Web developers frustrated by months of delays on Southern Rail have used their experience as inspiration for an online game which lampoons the company.
RamJam uploaded Southern Rail Tycoon on Thursday, and so far 45,000 people have played the tongue-in-cheek game.
The aim is to stop guards from boarding trains, which leads to services being cancelled as profits are collected from passengers.
It was inspired by months of cancellations due to an RMT dispute.
'Stopped using trains'
Once a sufficient number of train guards board on a train and a delayed service eventually departs, the player loses the game.
Brighton-based developer Tom Jackson said: "We all were planning to go to London a month ago and trains were delayed, then delayed, then delayed and then eventually cancelled.

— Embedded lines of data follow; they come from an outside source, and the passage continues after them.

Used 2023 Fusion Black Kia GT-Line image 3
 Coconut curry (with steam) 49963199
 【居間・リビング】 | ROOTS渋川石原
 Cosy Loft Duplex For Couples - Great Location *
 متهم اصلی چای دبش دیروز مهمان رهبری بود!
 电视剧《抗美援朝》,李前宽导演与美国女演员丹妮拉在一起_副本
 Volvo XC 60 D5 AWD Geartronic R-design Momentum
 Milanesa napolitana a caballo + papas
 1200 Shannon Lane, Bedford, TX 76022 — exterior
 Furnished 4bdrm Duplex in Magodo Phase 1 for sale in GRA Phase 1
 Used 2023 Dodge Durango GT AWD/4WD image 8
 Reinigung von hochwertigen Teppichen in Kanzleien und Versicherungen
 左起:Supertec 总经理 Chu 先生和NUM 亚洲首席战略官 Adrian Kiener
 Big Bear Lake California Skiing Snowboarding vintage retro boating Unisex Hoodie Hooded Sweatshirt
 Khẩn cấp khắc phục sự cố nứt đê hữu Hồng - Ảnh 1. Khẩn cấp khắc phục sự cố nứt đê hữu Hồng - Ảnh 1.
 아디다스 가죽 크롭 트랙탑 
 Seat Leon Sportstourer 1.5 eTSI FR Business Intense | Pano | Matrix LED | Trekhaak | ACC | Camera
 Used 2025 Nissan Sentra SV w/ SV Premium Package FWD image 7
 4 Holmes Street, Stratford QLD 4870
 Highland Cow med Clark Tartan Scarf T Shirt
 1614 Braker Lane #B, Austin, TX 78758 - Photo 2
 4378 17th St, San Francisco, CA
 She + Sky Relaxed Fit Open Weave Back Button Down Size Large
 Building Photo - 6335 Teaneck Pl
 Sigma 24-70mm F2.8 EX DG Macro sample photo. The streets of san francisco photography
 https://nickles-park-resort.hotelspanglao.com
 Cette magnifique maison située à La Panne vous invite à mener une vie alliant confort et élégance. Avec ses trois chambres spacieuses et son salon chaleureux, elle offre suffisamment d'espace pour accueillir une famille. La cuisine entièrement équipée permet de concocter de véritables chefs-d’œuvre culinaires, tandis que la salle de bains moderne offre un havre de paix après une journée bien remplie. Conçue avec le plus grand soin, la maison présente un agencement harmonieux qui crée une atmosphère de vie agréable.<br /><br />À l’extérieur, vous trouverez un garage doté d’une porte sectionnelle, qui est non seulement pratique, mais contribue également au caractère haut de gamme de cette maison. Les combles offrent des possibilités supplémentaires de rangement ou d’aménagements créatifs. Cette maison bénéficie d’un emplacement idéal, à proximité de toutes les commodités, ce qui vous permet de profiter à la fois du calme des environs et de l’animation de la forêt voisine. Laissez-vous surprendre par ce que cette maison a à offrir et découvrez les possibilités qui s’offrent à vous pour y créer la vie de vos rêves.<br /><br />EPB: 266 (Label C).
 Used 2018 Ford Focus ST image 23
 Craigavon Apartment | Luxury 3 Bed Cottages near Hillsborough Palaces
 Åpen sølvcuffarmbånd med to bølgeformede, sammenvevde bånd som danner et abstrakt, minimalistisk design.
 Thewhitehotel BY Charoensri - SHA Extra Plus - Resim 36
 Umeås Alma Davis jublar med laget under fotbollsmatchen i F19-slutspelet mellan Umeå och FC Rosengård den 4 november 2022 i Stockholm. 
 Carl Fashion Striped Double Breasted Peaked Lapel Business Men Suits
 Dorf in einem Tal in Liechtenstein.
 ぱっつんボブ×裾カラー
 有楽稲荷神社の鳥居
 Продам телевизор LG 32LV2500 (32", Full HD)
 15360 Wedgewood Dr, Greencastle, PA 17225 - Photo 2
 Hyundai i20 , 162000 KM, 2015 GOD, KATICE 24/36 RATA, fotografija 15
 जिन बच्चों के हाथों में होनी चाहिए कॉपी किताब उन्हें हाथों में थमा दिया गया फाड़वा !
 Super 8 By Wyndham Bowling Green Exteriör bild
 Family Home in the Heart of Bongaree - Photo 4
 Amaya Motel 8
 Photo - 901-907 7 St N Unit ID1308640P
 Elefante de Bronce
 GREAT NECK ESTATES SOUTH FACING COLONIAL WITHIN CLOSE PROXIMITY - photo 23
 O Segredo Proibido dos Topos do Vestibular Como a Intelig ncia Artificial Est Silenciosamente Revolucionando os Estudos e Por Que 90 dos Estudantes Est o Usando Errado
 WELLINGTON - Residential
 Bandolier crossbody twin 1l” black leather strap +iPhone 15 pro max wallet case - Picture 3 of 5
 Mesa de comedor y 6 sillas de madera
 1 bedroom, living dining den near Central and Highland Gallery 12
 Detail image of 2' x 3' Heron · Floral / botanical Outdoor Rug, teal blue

"We were so frustrated by the whole thing that we've stopped using the trains."
Mr Jackson, along with his colleagues Phil Hart and Toby Funnell, developed the game as a result of that experience.
The 39-year-old said that the purpose of the game was a mixture of providing commuters with something fun to do while waiting for delayed trains and also making people aware of the compensation policy.
When the game is over, links appear to the Southern Rail compensation page and twitter account.
He added: "We like to do pieces that are reactive and demonstrate the impact [news events] have on people.
"It's incredibly frustrating, the train service is an absolute shambles."
A Southern Rail spokesman said: "Southern makes no money by cancelling trains - in fact the opposite is true.
"We are trying hard to give passengers the best service possible under very difficult circumstances and apologise sincerely."
341 trains cancelled a day
The RMT union and GTR are in a dispute regarding the proposed introduction of more driver-only operated (DOO) services, which would change conductors' roles.
As a result of regular walkouts, Southern cancelled 341 daily train services on 11 July to improve "reliability". Since then 15 have been reinstated.
Rail minister Claire Perry resigned on Friday as a result of the months of delays on the line, managed by Govia Thameslink Railway.
On Monday, new Transport Secretary Chris Grayling said resolving the strike action was "top of his priority list".